I shut the door, bade him sit, and took a stool facing him.
‘We’ve some urgent work,’ I said.
‘The Queen?’
‘Yes.’
His eyes lit up with interest as I told him of my meeting with the Queen and Bess. ‘The Lady Elizabeth was there when I arrived,’ I added.
‘What is she like?’
‘Astonishingly clever. The Queen and she are like mother and daughter.’ I smiled, then frowned. ‘Afterwards I met two old acquaintances. Rich and Thomas Seymour. I think they knew I was there,’ I concluded. ‘I think they were waiting for me to come out, to taunt me.’
‘It was just ill chance. They were probably talking about war business when you appeared. If you go to a cesspit, you’re bound to see some maggots.’
‘You’re right. But Rich has obviously been following my career.’
‘It’s no secret you’ve acted in cases for the Queen. He probably heard you were coming and decided to have a bit of sport with you.’
‘Yes. I’m not important enough for him to take any real interest.’
‘I’d heard Rich was a little out of favour.’
‘I heard that too. But he is still on the Privy Council. His talents are valued by the King,’ I added bitterly.
‘Politics is like dice: the better the player, the worse the man.’
‘Jack, we need to move fast. This hearing is on Monday.’
‘We’ve never dealt with the Court of Wards before.’
‘Many of its functions are not those of a court at all. You know the principle of wardship?’
He quoted slowly, a passage remembered from a law book. ‘If a man holds land under knight service, and dies leaving minor heirs, the property passes in trust to the King till the ward comes of age or marries.’
‘That’s right.’
‘And the King has the right to manage the lands, and arrange the marriage of the ward. But in fact he sells the wardships to the highest bidder. Through the Court of Wards.’
‘Well remembered. Knight service is an ancient form of tenure which was dying out before the present King’s reign. But then the Dissolution of the Monasteries came. And all the seized monastic lands that have been sold have been on terms of knight service. It generated so much wardship business they abolished the old Office of Wards and set up the court. Its main job is money. They check the value of lands subject to wardship through the feodaries, the local officials. Then they negotiate with applicants for the wardship of minor heirs.’
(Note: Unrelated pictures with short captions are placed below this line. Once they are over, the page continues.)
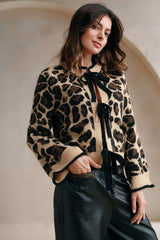 Slouchy Leopard Knitwear Cardigan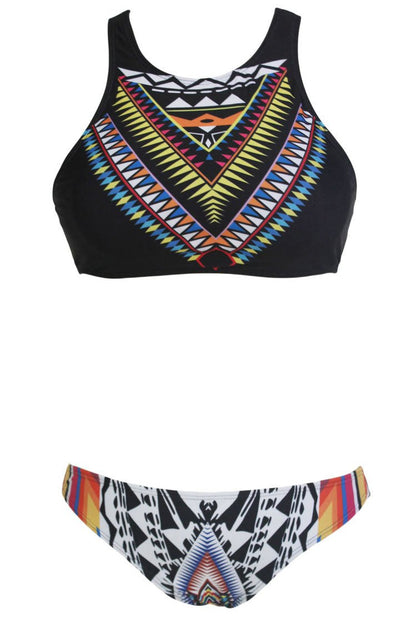 Vintage Print Sexy Low Waist Two-Piece Swimsuit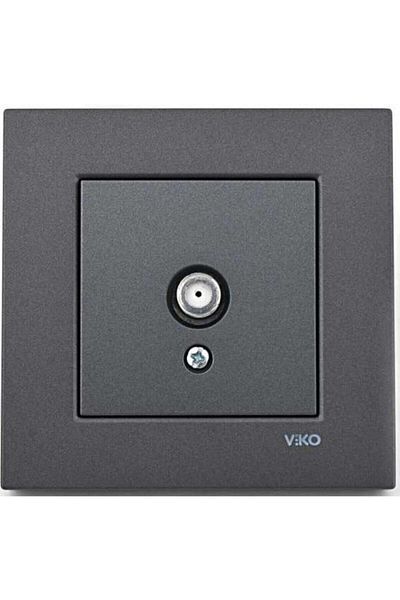 VİKO Artline Novella Smoked Satellite Socket F Connector with Frame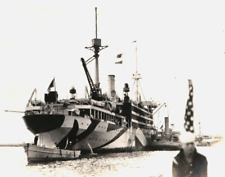 WW1 USS Henderson Dazzle Camouflage Stern Ship Boat US Navy AP-1 RPPC Postcard picture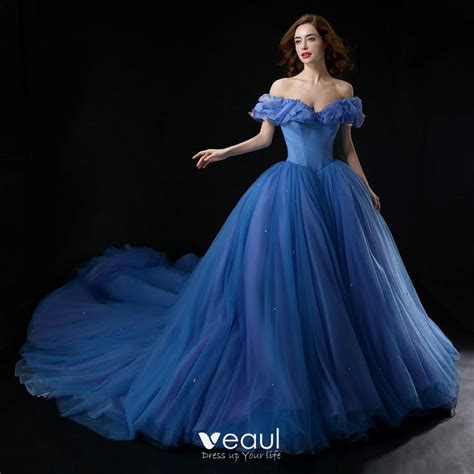 Cinderella Ocean Blue Prom Dresses 2018 Ball Gown Charmeuse Butterfly ...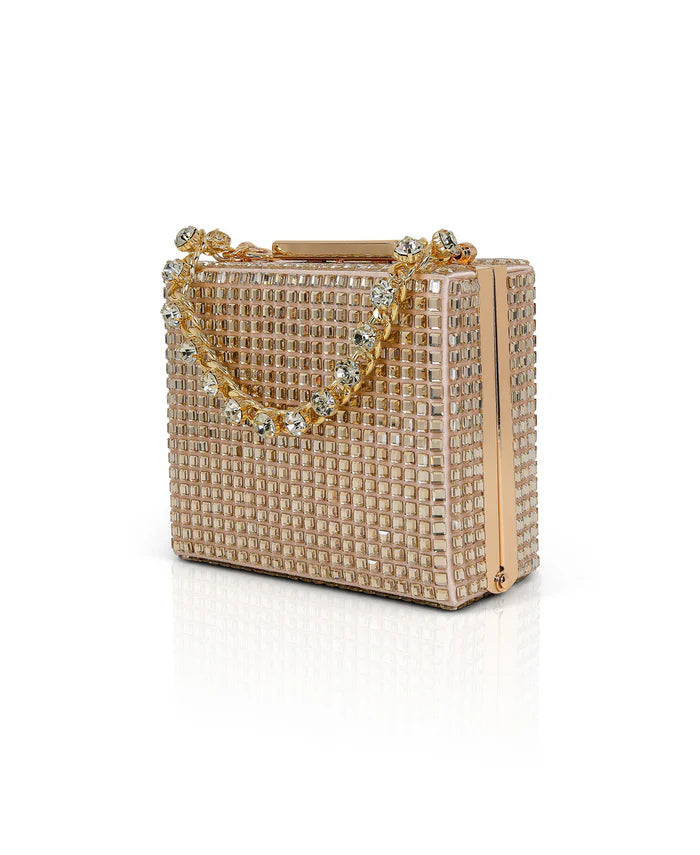 Jewel By Badgley Mischka Serenity Mini Box Clutch with Rhinestone Chain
‘Some wardships are granted to the children’s families, are they not?’
‘Yes. But often they go to the highest bidder, especially where there is no immediate family. Like this man Nicholas Hobbey in the case of the Curteys children.’
‘I can see why he’d do it.’ Barak was interested. ‘If he could marry the girl to his son, he’d get her share of her father’s woodland. But the girl died.’
‘It is still worth his while to have Hugh. Emma’s share would have passed to her brother. Hobbey will have control of Hugh’s lands till he is twenty-one. There is a constant cry for wood in the south, for ships and for charcoal for the ironworks. Especially now with the war.’
‘How much woodland is there?’
‘I believe approaching twenty square miles in all. Hobbey owned about a third himself, but the rest will now belong to Hugh Curteys. And by law the value of his land should be preserved. But I believe those who have bought wardships often make illicit profits by cutting down woodland, usually hand in glove with the local feodary, who takes a share. The whole system is rotten from top to bottom.’
Barak frowned. ‘Is there nothing to protect children under wardship?’ A child of the streets himself, the plight of children in distress always moved him.